(Beginning of Entries supplied)
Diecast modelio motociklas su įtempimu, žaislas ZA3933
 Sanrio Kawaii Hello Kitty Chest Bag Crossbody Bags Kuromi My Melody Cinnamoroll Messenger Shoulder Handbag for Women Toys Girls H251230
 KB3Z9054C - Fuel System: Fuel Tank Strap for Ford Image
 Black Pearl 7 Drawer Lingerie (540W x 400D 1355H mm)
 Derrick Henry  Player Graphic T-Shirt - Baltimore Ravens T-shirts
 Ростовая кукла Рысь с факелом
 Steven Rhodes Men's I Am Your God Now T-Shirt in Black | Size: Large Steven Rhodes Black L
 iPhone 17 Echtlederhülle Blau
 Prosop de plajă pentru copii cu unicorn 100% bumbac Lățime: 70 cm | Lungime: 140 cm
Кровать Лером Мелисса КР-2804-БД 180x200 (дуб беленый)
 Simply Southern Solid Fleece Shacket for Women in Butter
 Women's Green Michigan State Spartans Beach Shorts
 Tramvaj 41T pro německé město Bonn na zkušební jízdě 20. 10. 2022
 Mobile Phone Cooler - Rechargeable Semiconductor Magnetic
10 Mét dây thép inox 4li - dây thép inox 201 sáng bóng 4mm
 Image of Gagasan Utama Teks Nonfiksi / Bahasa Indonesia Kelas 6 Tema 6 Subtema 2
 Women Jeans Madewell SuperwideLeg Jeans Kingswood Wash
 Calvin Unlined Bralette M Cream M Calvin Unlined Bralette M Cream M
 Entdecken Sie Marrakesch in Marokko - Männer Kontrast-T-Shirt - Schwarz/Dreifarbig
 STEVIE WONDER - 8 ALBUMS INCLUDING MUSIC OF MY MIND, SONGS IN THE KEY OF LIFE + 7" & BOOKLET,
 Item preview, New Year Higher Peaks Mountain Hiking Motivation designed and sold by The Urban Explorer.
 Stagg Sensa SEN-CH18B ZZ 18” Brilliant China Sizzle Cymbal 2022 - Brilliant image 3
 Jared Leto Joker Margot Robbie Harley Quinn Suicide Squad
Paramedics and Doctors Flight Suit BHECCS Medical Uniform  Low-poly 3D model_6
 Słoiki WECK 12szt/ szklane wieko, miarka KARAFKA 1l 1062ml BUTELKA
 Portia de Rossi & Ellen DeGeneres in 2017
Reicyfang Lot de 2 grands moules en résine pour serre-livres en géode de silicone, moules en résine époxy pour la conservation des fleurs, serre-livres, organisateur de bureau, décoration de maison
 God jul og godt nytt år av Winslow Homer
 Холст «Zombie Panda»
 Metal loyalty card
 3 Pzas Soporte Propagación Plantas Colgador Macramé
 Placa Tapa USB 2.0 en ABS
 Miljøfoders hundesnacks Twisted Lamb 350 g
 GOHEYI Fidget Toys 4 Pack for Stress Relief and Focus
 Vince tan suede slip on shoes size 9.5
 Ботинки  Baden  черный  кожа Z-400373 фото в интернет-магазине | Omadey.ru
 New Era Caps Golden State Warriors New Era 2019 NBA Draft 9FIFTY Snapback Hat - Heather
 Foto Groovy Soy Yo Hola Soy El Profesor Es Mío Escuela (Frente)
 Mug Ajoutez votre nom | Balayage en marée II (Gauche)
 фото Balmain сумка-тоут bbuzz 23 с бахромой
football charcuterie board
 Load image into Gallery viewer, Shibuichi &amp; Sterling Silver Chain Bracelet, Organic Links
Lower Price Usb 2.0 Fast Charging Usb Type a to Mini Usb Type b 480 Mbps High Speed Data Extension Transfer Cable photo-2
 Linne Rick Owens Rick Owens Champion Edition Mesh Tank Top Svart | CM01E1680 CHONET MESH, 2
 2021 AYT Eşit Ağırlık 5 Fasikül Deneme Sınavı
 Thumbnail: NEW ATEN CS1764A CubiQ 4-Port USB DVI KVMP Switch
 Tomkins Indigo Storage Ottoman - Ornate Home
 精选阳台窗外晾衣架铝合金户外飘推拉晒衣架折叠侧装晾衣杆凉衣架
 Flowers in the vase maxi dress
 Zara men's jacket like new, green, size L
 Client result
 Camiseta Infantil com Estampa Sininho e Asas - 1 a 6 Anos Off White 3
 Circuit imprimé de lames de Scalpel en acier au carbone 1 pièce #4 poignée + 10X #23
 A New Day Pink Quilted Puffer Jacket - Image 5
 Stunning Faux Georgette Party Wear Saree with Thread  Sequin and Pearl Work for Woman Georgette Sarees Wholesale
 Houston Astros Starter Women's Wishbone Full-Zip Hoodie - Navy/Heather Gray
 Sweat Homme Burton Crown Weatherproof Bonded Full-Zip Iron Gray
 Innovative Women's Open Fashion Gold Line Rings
(End of Entries supplied)
■ Task objective ■
From the listing above, output exactly the run of lines that starts with the line containing "фото Balmain сумка-тоут bbuzz 23 с бахромой" and ends with the line containing "Stunning Faux Georgette".

■ Output of the task ■
 фото Balmain сумка-тоут bbuzz 23 с бахромой
football charcuterie board
 Load image into Gallery viewer, Shibuichi &amp; Sterling Silver Chain Bracelet, Organic Links
Lower Price Usb 2.0 Fast Charging Usb Type a to Mini Usb Type b 480 Mbps High Speed Data Extension Transfer Cable photo-2
 Linne Rick Owens Rick Owens Champion Edition Mesh Tank Top Svart | CM01E1680 CHONET MESH, 2
 2021 AYT Eşit Ağırlık 5 Fasikül Deneme Sınavı
 Thumbnail: NEW ATEN CS1764A CubiQ 4-Port USB DVI KVMP Switch
 Tomkins Indigo Storage Ottoman - Ornate Home
 精选阳台窗外晾衣架铝合金户外飘推拉晒衣架折叠侧装晾衣杆凉衣架
 Flowers in the vase maxi dress
 Zara men's jacket like new, green, size L
 Client result
 Camiseta Infantil com Estampa Sininho e Asas - 1 a 6 Anos Off White 3
 Circuit imprimé de lames de Scalpel en acier au carbone 1 pièce #4 poignée + 10X #23
 A New Day Pink Quilted Puffer Jacket - Image 5
 Stunning Faux Georgette Party Wear Saree with Thread  Sequin and Pearl Work for Woman Georgette Sarees Wholesale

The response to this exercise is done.